Bruxelles Korner — Tribune / Opinion
Quand des sociétés fantômes blanchissent 12 millions d’euros : symptôme d’un système malade
Par Kadir Duran – Bruxelles

2025 : l’année des procès du blanchiment
2025 s’annonce comme l’année du grand ménage judiciaire.
Des dizaines de sociétés, grandes et petites, comparaissent devant les tribunaux pour fraude, blanchiment et faux en écriture.
Les juges voient défiler des dossiers venus de tous les secteurs de construction, commerce, transport, horeca où la frontière entre survie économique et infraction devient floue.
Ce matin encore, le tribunal correctionnel de Bruxelles s’est penché sur un nouveau dossier explosif :
un réseau de vente de boissons accusé d’avoir détourné plus de 12 millions d’euros à travers un montage de sociétés écrans, d’hommes de paille et de fausses factures.
Le scénario classique du blanchiment “à la belge”
27 sociétés fantômes, 29 prévenus, 12 hommes de paille.
Un circuit bien rodé : fausses factures, fausses livraisons, vrais billets.
Les boissons censées transiter d’un dépôt à l’autre n’étaient jamais livrées.
Le cash, lui, circulait bel et bien. Et 90 % de ce cash revenait aux pseudo-clients, qui s’en servaient pour payer leurs travailleurs au noir.
Les enquêteurs parlent de “blanchiment par compensation”.
Moi j’y vois plutôt un système d’oxygène illégal pour une économie asphyxiée.
“Il suffit de donner sa carte d’identité et ils se chargent de tout”
C’est la phrase glaçante d’un homme de paille interrogé.
Des gens paumés, précarisés, utilisés comme paravent administratif.
Pendant ce temps, les véritables profiteurs du système, eux, ne comparaissent presque jamais.
La communauté turque, une fois encore, est dans le viseur du parquet.
Et pourtant, il serait temps de poser la vraie question :
Pourquoi des entrepreneurs doivent-ils recourir à des circuits parallèles pour simplement rester à flot ?
Fraudeurs ou victimes d’un système intenable ?
Car derrière le mot “fraude”, il y a souvent un cri économique étouffé.
Quand un petit distributeur de boissons doit affronter des marges écrasées, des taxes à chaque coin de rue et une concurrence déloyale de multinationales qui, elles, optimisent légalement,
Faut-il s’étonner que le noir devienne le seul oxygène possible ?
La vraie hypocrisie est là :
on criminalise ceux qui survivent,
on glorifie ceux qui contournent légalement.
Julien Moinil, le nouveau procureur qui veut “nettoyer Bruxelles”
À la tête du parquet de Bruxelles, Julien Moinil, nouveau procureur du Roi, a prêté serment en janvier 2025.

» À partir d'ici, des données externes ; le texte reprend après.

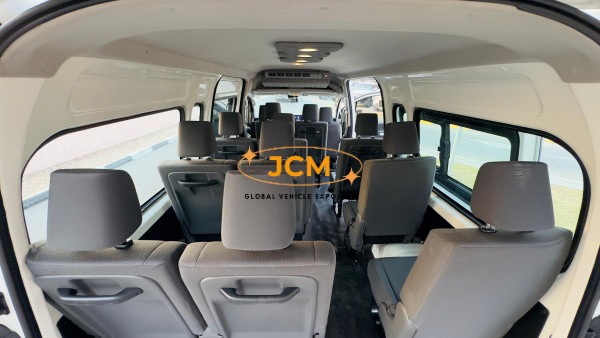 
								2021 TOYOTA HIACE Seats 12 full									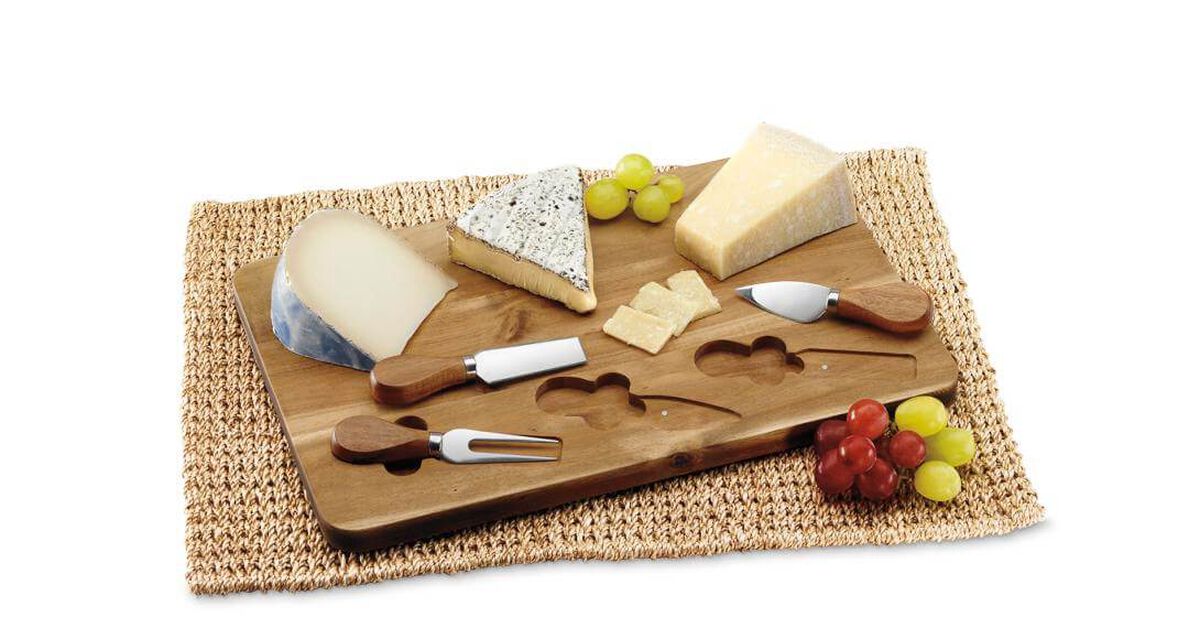 Discontinued Acacia 4 piece Cheese Board Classic 2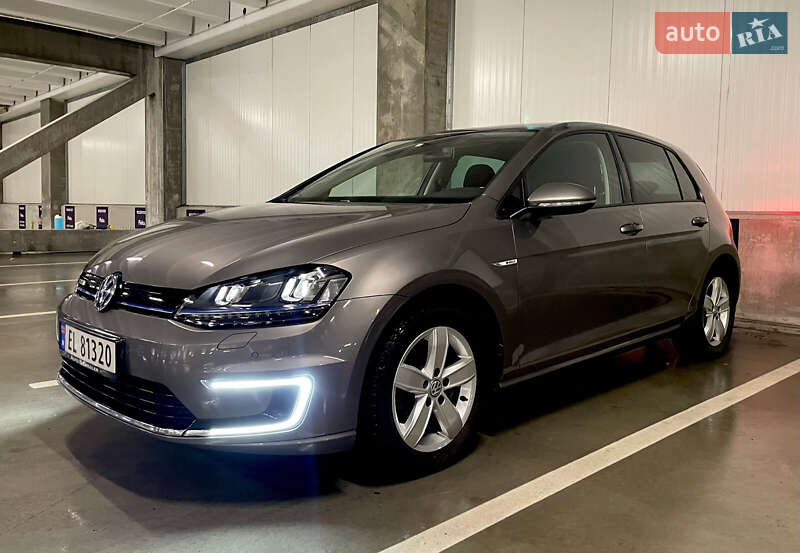 Volkswagen e-Golf 2016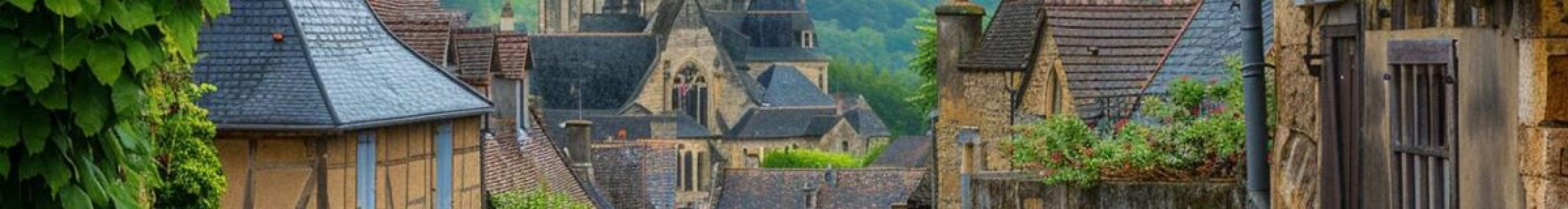 partez-a-la-rencontre-de-saint-flour-joyau-medieval-et-naturel-du-cantal-scaled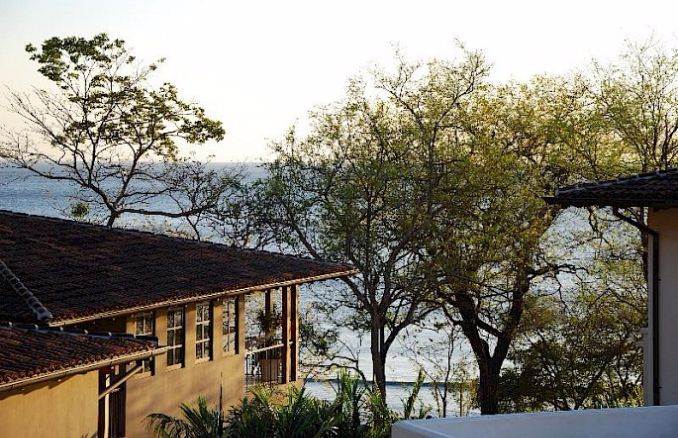 Casa Pinita – Exquisite Modern Home With Breathtaking Views in Costa Rica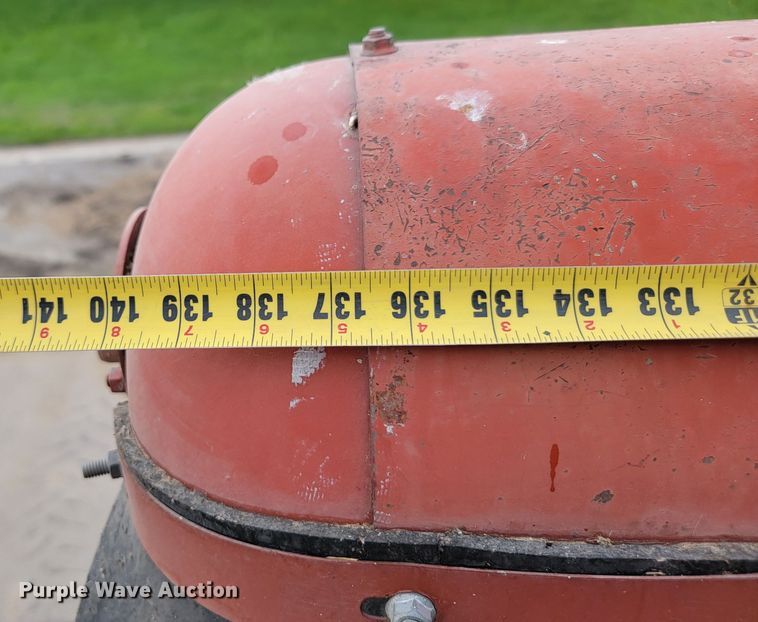 image for item ML9434 1981 International 1420 Axial-Flow  combine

Ancien magistrat fédéral, fort de 16 années d’expérience, il a promis une politique de tolérance zéro contre les trafics : drogue, fraude, blanchiment.
Il a déjà recruté une vingtaine de substituts pour muscler le parquet et “remettre de l’ordre” dans un appareil judiciaire fragilisé.
Il veut aussi renforcer la communication du parquet via une cellule “médias”, pour montrer que la justice agit.
Et il n’hésite pas à aller chercher les coupables jusque dans les banques et les fichiers de la CTIF, l’organisme chargé des dénonciations de blanchiment.
Mais la question demeure :
Est-ce vraiment la force de l’ordre qui va rééquilibrer l’économie ?
Peut-on espérer “renflouer les caisses de l’État” en frappant là où l’argent liquide circule encore — chez les petits — alors que les grands groupes, eux, déplacent des milliards sans craindre les projecteurs ?
Blanchiment ou désespoir économique ?
Ce dossier n’est pas qu’un procès de fraude : c’est un miroir social.
Un marché saturé, une économie où le cash devient la béquille du quotidien,
et un État qui ne veut pas voir que ses propres règles tuent la compétitivité locale.
Les 12 millions d’euros blanchis sont certes une fraude.
Mais combien d’euros légaux s’évaporent chaque année dans des montages d’optimisation fiscale à Zaventem, Londres ou Luxembourg, sans qu’aucun parquet ne s’en émeuve ?
Le vrai débat : à qui profite le chaos ?
Les petits commerçants risquent la prison.
Les vrais architectes du système fiscal, bancaire, politique restent à l’abri.
Tant que la Belgique continuera de punir la survie au lieu de repenser ses règles du jeu, les “sociétés fantômes” continueront d’exister.
Elles sont moins le fruit du crime que le symptôme d’une économie devenue invivable.
Kadir Duran
Chroniqueur — Bruxelles Korner
“Entre économie réelle et justice sélective, il est temps d’ouvrir les yeux sur les fantômes de notre système.”